In our opinion, changing and tuning bushings are not the best way to fix a wheel bite risk. That kind of risk should be handled by a proper design of the board: including a correct selection of wheels size, shape of the deck, and size of risers. A good design will prevent successfully any risk of wheel bite, especially on an electric skateboard.
Comfort to ride and tricks
Finally, a proper bushing setup will influence some riding factors like return to center, rebounds,
Return to center simply means how well the trucks come back to their center so the board goes straight again. Larger bushings usually have a better return to the center because there is more material to push the truck hanger back to that centerline. According to your riding style (fast, tricking, cruising), you will need a quick or a slow return to center, a heavy or a smooth rebound, Some bushings compress and release to perfect center, fast, and nearly automatically; others bushings compress and stay in position longer: you will have to help those to return to center.

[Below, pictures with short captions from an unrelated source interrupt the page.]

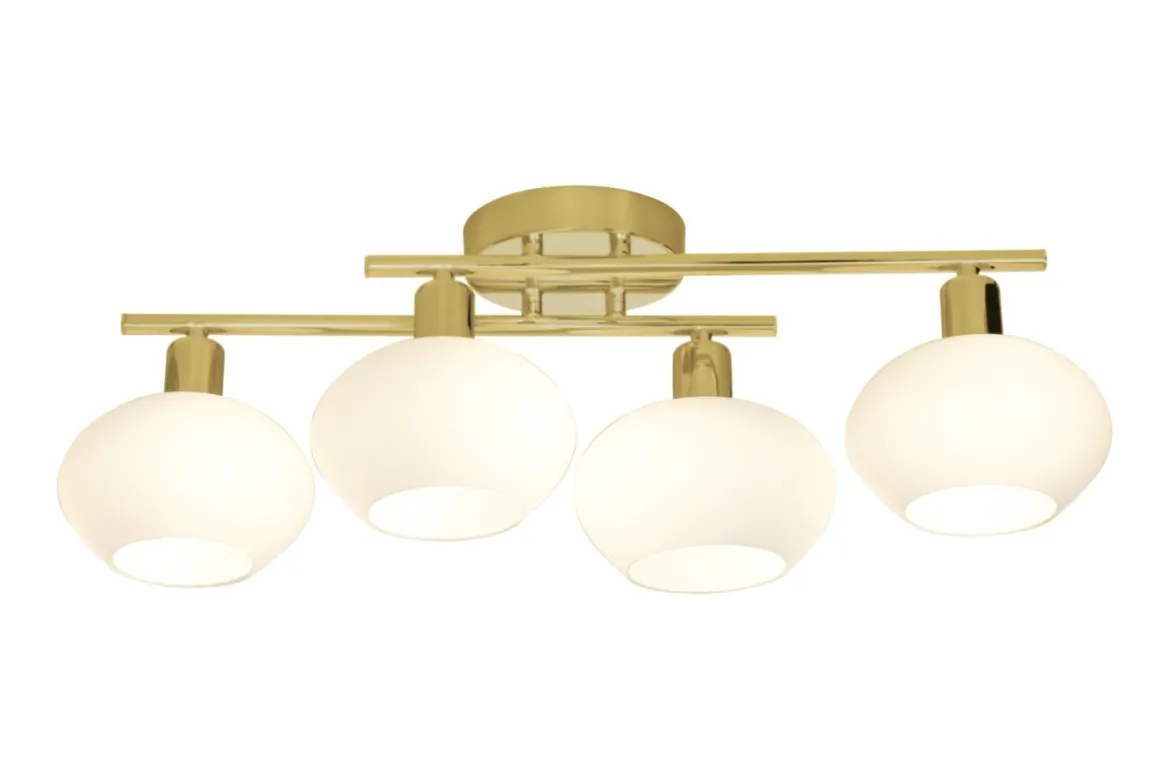 ELBA Plafond Bad 4L 60cm Matt Mässing/Opalvit IP44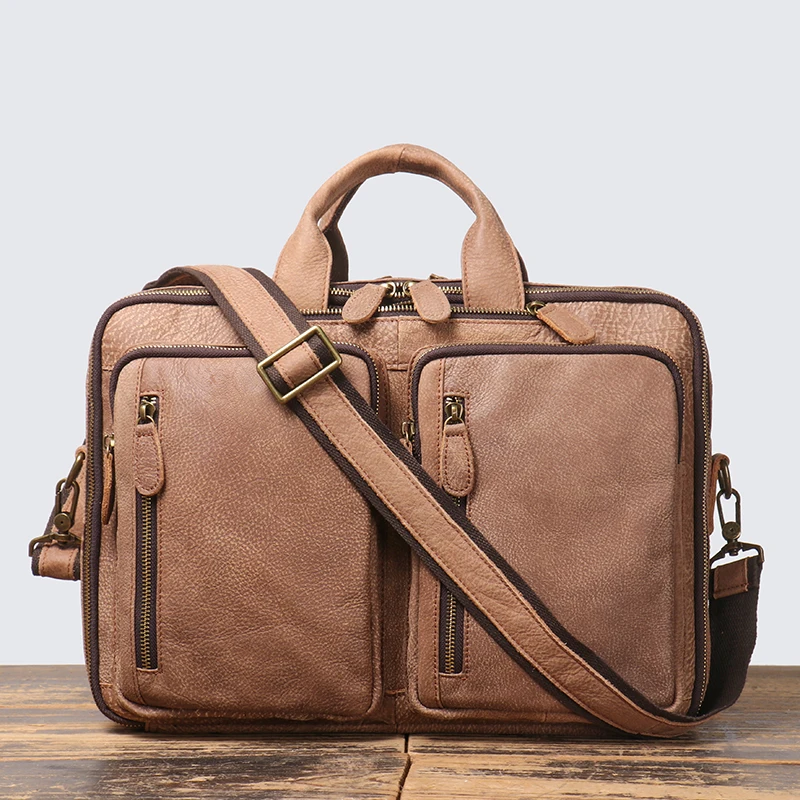 

Handbag Men's Briefcase Convertible Backpack Laptop Bag Man Leather Business Messenger Bag Portfolio Office Briefcases for Men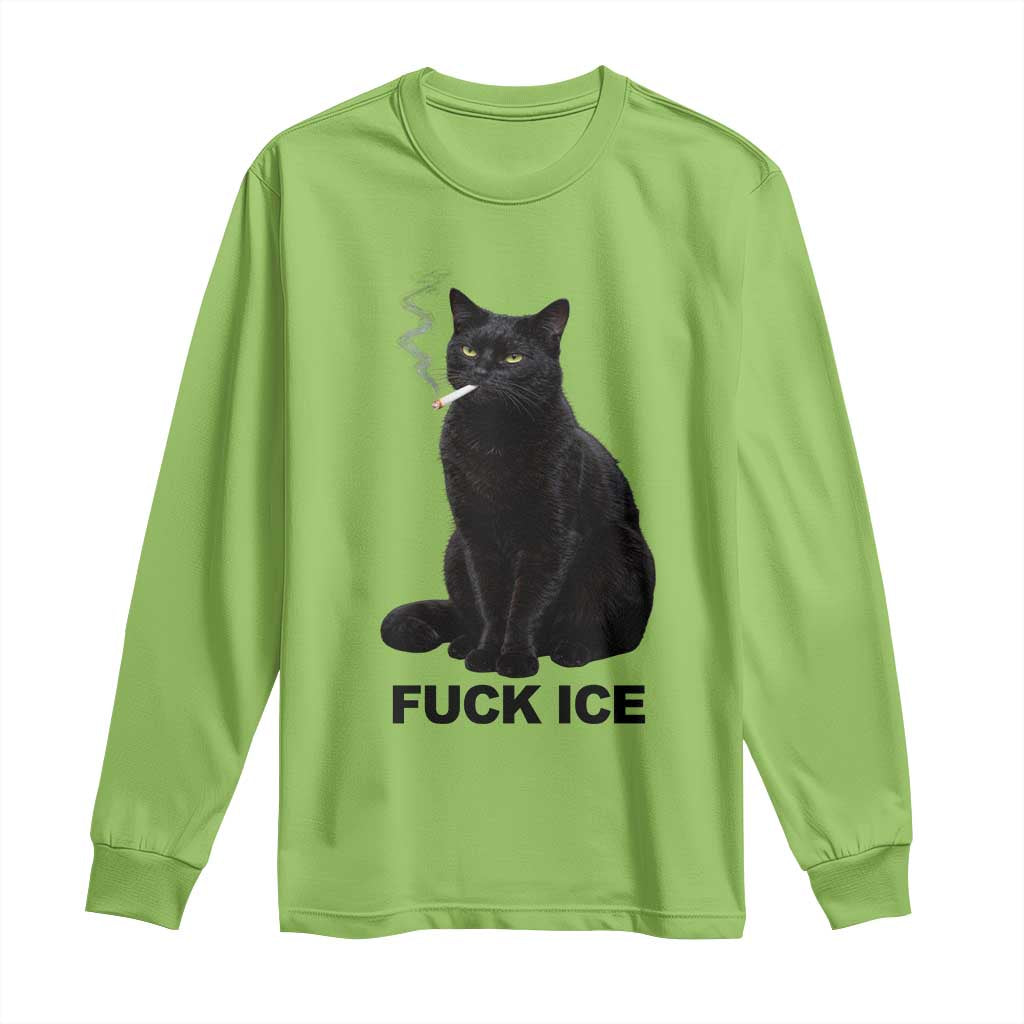 Fck Ice Smoking Cat Long Sleeve Shirt Subtle FDT Black Cat Meme TS10 Lime Print Your Wear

All this influence your riding experience.
At this point in the reading, you would probably say: if this little piece of urethane has so much impact, it is necessarily taken into account by the e-skate industry when they design their product? Apart from a few exceptions, nothing is more wrong. It does not look normal for us that pricey boards like the Evolve ones need to be improved with optional ‘high-performance bushings‘. And it is not normal for us to see a Caliber truck clone sold by Mboards at a not so low price, being delivered with unknown bushing whose ‘color may vary‘ (meaning it is nearly impossible to know what bushing equip this truck).
This is a fact: for such pretension of quality and performances (according to the price compared to other boards or other trucks), the proper quality of bushing should be included by design but it is not so often. By chance we can fix that by ourselves!
Understanding bushings
Skateboards technology has it roots in the USA. And more specifically, Although there is some inconsistency in its origin story depending on who you ask, skateboarding began to take hold in California and Hawaii by the late 50s. In the early 1970s, however, a breakthrough material was gaining popularity in industrial circles. This material was called “polyurethane”, and a man by the name of Frank Nasworthy quickly took notice of this material. This material was at first applied to produce new generations of skateboard wheels. The elastic nature of this new material allowed for much faster-riding speed and quicker turning without worrying that the wheel could “slide-out”, as was common for the steel wheels of decades past. A few years later, a high rebound polyurethane took over the marketplace with their even more advanced capabilities. The superior wear qualities, combined with increased grip and a smoother ride, made for a total rebirth of the sport. High rebound polyurethanes allowed riders to adopt even more aggressive riding styles, like downhill slalom. [source]
Truck bushing were a marginal part of the skateboard design. They were included into the truck, that’s it. But at some point, some riders, and specially downhill ones, began to cutout bushing … in urethane wheels. A whole new product family was born with a lot to offer.
Bushing shapes
You will find many names for bushing (barrel bushing are called Niples by Orangatang) but at the end, there is three main shapes of bushing available: cone, barrel, and stepped barrel. Each shape offers different turn characteristics and can be mixed and matched to achieve a unique configuration, to fit any ride styles.
– Cone
A Cone bushing is very turny. There’s not a lot of urethane there, so as the truck leans over, the bushing offers about the same resistance as you lean the truck over in the turn.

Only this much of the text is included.